Knapp drei Jahre ist es her, dass Steve Morse seinen Ausstieg bei Deep Purple bekanntgegeben hat und übergangslos vom Nordiren Simon McBride beerbt wurde. Zunächst absolvierte der 45-jährige McBride mit der englischen Hardrock-Legende eine beachtliche Anzahl an Konzerten, dann traf er sich mit den Bandmitgliedern Ian Gillan (Gesang), Roger Glover (Bass), Ian Paice (Schlagzeug) und Don Airey (Keyboards) sowie Produzent Bob Ezrin in einem Studio, um Ideen für ein neues Album zu sammeln. Die daraus resultierende Scheibe liegt nun vor: Sie trägt den kryptischen Titel ‚=1‘ und erweist sich nach genauerer Bestandsaufnahme als weiteres typisches Purple-Werk. Wie es dazu kam und wie McBride an seinen Gitarrenparts gearbeitet hat, erzählt er in einem langen, spannenden Interview.

INTERVIEW

Simon, wann, wie und wo hast du begonnen, mit deinen neuen Bandkollegen an Songs fürs aktuelle Album zu arbeiten?

Anzeige

Wir haben uns erstmals im Dezember 2022 in Nashville und Toronto getroffen, um Ideen zu sammeln. Es war mein Einstand als Komponist für Deep Purple. Wenn man neu in einer Band ist, fühlt man sich zunächst natürlich ein wenig unsicher. Ich spürte einen großen Druck auf meinen Schultern, zumal es sich für mich ein wenig surreal anfühlte, mit solchen Legenden im gleichen Raum zu sitzen und tatsächlich Deep-Purple-Songs zu schreiben. Ich saß da und dachte mitunter: Eigentlich müsste man mich jetzt mal zwicken, damit ich weiß, dass das hier Wirklichkeit ist. Zum Glück lief alles wie am Schnürchen: Don hatte ein paar Ideen in petto, ich konnte etwas anbieten, wir alle hatten bereits zuhause ein paar Dinge vorbereitet. Wenn ich es aus heutiger Sicht betrachte, so sind vermutlich etwa 50 Prozent der neuen Scheibe bei diesen zwei ersten Sessions entstanden.
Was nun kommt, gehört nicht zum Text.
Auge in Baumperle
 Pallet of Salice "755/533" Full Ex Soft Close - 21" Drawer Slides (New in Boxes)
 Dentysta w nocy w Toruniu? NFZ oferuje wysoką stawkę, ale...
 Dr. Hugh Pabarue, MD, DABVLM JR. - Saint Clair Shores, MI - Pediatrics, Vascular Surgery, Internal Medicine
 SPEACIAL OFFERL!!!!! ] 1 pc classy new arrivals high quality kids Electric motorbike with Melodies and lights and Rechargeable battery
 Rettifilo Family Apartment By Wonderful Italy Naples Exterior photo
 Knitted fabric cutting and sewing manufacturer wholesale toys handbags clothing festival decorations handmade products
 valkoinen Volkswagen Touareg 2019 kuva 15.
In welcher Form und Ausprägung lagen deine Ideen vor? Nur Riffs und Hooks, oder bereits vollständige Songs?

Natürlich hätte ich komplette Songs anliefern und die Jungs bitten können, sie zu spielen. Konkrete Vorlagen anzufertigen ist in meinem eigenen Homestudio problemlos möglich. Aber genau das tat ich nicht, denn das Spannende am Songwriting ist ja, die Einflüsse und Ideen aller Beteiligten zuzulassen. Jeder hört Musik ein wenig anders, jeder interpretiert Dinge unterschiedlich. Und genau darum geht es bei Deep Purple. Deshalb brachte ich Riffs und Hooks und Ideen mit, aber keine vollständigen Songs.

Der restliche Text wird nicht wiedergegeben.